È vero che lei ha chiesto di poter firmare in bianco?
«Beh... è vero... ma non lo dovrei dire io... Alla mia età è facile, l'Atalanta e Bergamo le considero scelte definitive...».

Poi al secondo anno farà il dirigente?
«Sì, l'accordo è più o meno questo. Credo di aver maturato tanta esperienza, immagino di poter dare un contributo all'Atalanta, si tratterà di definire il ruolo».

Escludiamo quello di addetto all'arbitro...
«Ah, ah. No, quello no... Ma l'anno prossimo miglioro. Davvero...».

Come no: in B si perderà poco...
«La questione è un'altra. Credo mi sia servita tantissimo l'esperienza di Parma».

L'espulsione con tre giornate di squalifica del marzo scorso?
«Esatto. Dopo quell'episodio a tante critiche assolutamente comprensibili si sono unite cattiverie incredibili: Doni destabilizza, Doni qui, Doni là... Un giorno a Zingonia ho incrociato Mino Favini che vedendomi mogio mi ha portato in giro per i campi, a fare una chiacchierata...».

Grande Favini!
«Grande davvero. Prima mi ha strigliato per il mio comportamento, dicendomi chiaro che avevo sbagliato. Poi mi ha rasserenato con un concetto: chi ti conosce sa che hai sbagliato per troppo amore. "E il troppo amore si perdona sempre, quindi stai tranquillo", mi ha detto. Per questo so che migliorerò».

Giocando dove?
«Deciderà Colantuono».

Si dice sempre così. Ma a lei non piacerebbe fare...
«...no, il Pirlo no... me lo suggeriscono in tanti...».

Macché Pirlo! Ma se l'allenatore le chiedesse di fare il centravanti?
«Eh, ci proverei. Perché no, se servirà mi metterò a disposizione...».

Dopo che Vavassori aveva fatto di lei un esterno sinistro, Colantuono l'ha inventata trequartista dietro una punta. A Bergamo ha già iniziato due carriere nuove, magari a metà luglio ne comincia una terza...
«Vediamo, io sono a disposizione. Intanto sarà decisivo che la società riesca a fare quel che ha programmato».

Niente cessioni?
«L'Atalanta è formata da un gruppo solido e competitivo, confermarlo ci aiuterà tantissimo».

Ma lei è sicuro che i suoi compagni resteranno tutti?
«La società non vuole fare cessioni. Magari a qualcuno capiterà l'occasione della vita, e in tal caso capirei. Ma io credo che resteremo quasi tutti».

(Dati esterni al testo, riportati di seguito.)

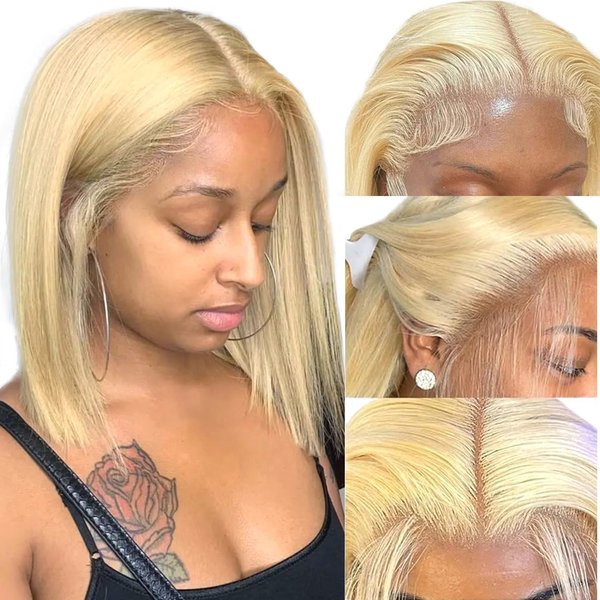 Blonde Bob Wig Human Hair 613 Lace Front Wig Human Hair 13x4 HD Lace Front Wigs Human Hair Pre Plucked Glueless Wigs 180% Density 12 Inch 613 Short Blonde Bob Wig Human Hair Wigs for Black Women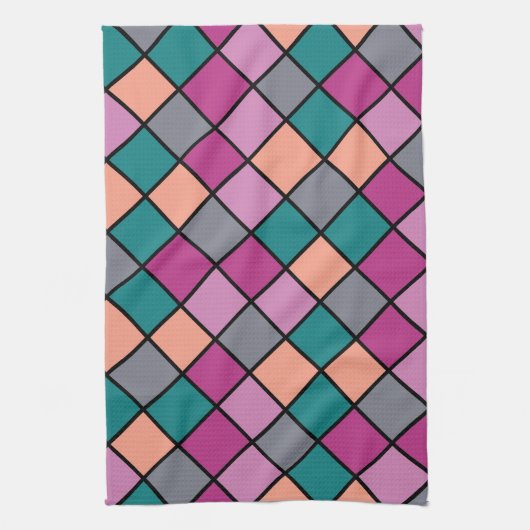 Colorful Modern Diagonal Tiles Pattern versie 1 Theedoek (Verticaal)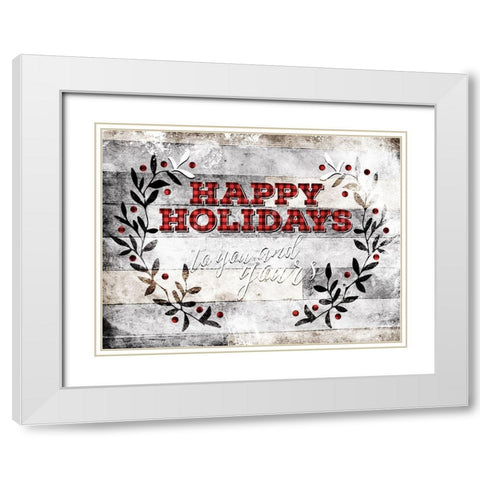 Happy Holidays White Modern Wood Framed Art Print with Double Matting by Villa, Mlli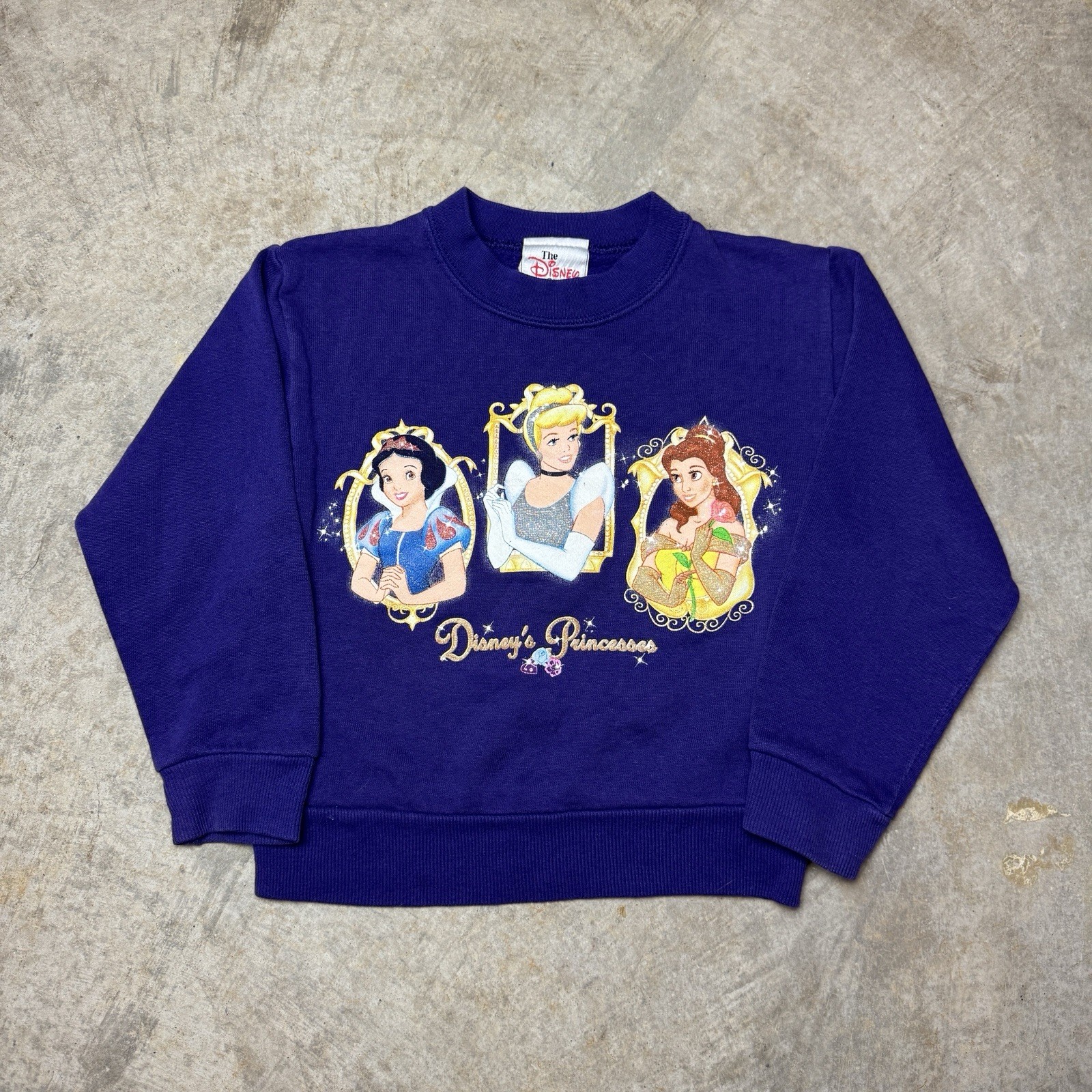 Vintage Y2K Disney Princess Purple Glitter Sweatshirt 4T USA Made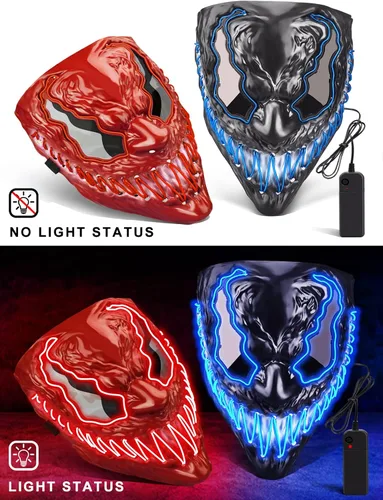 Vista 3 de Venobat Máscara de Halloween con luz LED para adultos y niños paquete de 2 máscaras de neón con 3 modos de iluminación, alambre EL, regalo ideal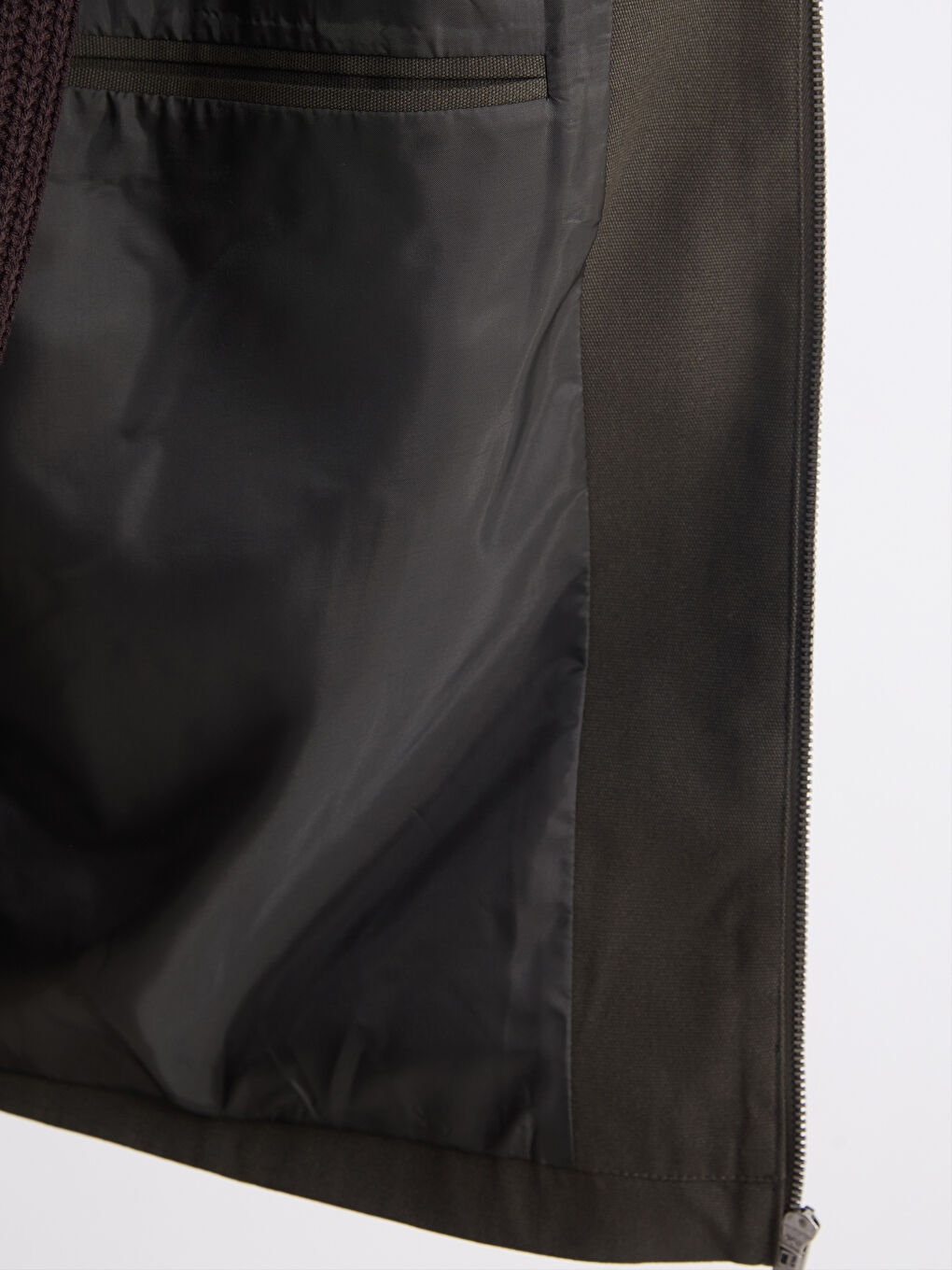 Haki Rahat Kalıp Kadife Yaka Erkek Mont-3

Bellini e Ferreira Pinto vanno a scadenza.
«Resteranno. Con Bellini ho parlato, è un patrimonio di Bergamo. Non si muoverà, è fondamentale con noi».

A volte capita che chi va in B e non cambia, alla lunga rischia parecchio. Non crede?
«No, abbiamo dei conti in sospeso, tutti vogliamo dimostrare che eravamo e che siamo una squadra da serie A».

E a motivarvi ci penserà Colantuono...
«Sicuro. Il mister sarà fondamentale. È schietto, ha carisma, è umile, è un lavoratore. Spesso è duro, ma va bene così. Però il mio è un giudizio di parte, prendetelo con le pinze. Perché Colantuono ha dato tantissimo a me e visti i risultati anche all'Atalanta. Peccato per l'epilogo, ma sono certo che chiarirà cos'è successo quando se n'è andato».

A proposito di allenatori, lo sa vero cosa dicono di lei e Conte?
«Certo, che gli ho fatto la guerra».

Non è vero?
«Non è vero. Io ho sempre detto, a qualsiasi allenatore: "Sono qui per aiutarvi, non sarò mai un problema, qualsiasi decisione prendiate". Chiedete a tutti: Colantuono, Del Neri, Gregucci, Conte, Mutti. Nessuno potrà negarlo, chi dice altro dice cazz...».

Eppure Conte di recente ha detto che quel giorno, a Livorno, "s'è rotto qualcosa"...
«Sì, ho letto, io non ho mai parlato ma se lui fa certe dichiarazioni allora anch'io dico la mia. Conte è arrivato a 48 ore dalla partita con il Catania, è entrato nello spogliatoio e ci ha detto: "Per 4-5 partite chiedo a voi di darmi tanto, tutto. Poi ci penso io". Ecco, già questo è un ragionamento strano per chi fa sport: ma quale allenatore conta più del 20/30%? Che vuol dire ci penso io?».

Magari a far danni...
«Sì, questo è un assist... Sta di fatto che per cinque partite non abbiamo perso, e giocavamo in modo normale, come sapevamo fare...».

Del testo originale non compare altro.